I've been working on code that can scan the images of the Rohonc Codex and help me transcribe it. Hopefully I will be able to complete the transcription relatively quickly with the assistance of some code that can recognize and categorize graphemes (and remember what wacky name I decided to give each character).
In the process, I have unearthed a wealth of interesting detail and challenges.
Regarding the grapheme recognition process, the challenges are many. The script is hand-written, the lines are irregular, and the scanned pages are not necessarily orthogonal to the images. My approach is to identify individual marks, place them in a network together with other similar marks, and differentiate them based on the local density of the area of the network in which they appear. Then, I think I can recognize constellations of marks as graphemes, and start training the program to do the transcription.
It is clear to me at this point that this is going to be more of a computer-assisted transcription project than a pure computer transcription, but even so the work should go much more quickly with the aid of a machine whose eyes never tire.

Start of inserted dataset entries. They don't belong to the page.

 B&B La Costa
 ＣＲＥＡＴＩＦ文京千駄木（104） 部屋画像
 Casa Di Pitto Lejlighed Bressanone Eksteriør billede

One of the challenges I have had to overcome is distinguishing between stray dots on the page and the dots that are intended to be part of a grapheme. Unless I am mistaken, it appears that the dots that accompany a grapheme always appear above or to the left of the main shape of the grapheme. I suspect this is related to the right-to-left direction of the text.
In categorizing the graphemes, I am running into a problem I have wrestled with for years, ever since I first started thinking about ways to automate the recognition of patterns. I call it the "cloud-within-the-network" problem, and I need to find out what the proper answer to it is.

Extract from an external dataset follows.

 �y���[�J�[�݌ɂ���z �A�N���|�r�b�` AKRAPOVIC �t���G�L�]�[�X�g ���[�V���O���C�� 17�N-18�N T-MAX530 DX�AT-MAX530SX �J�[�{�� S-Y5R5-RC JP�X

The "cloud-within-the-network" problem works like this: Suppose you have some dense networks, and you loosely connect them to each other in a larger network. How do you computationally recognize the existence of the dense networks within the larger loose network?
It seems like it should be relatively simple, but every solution I think up seems to have a problem with it. In the case of this transcription project, I have a workaround, but some day I would like to find the right solution.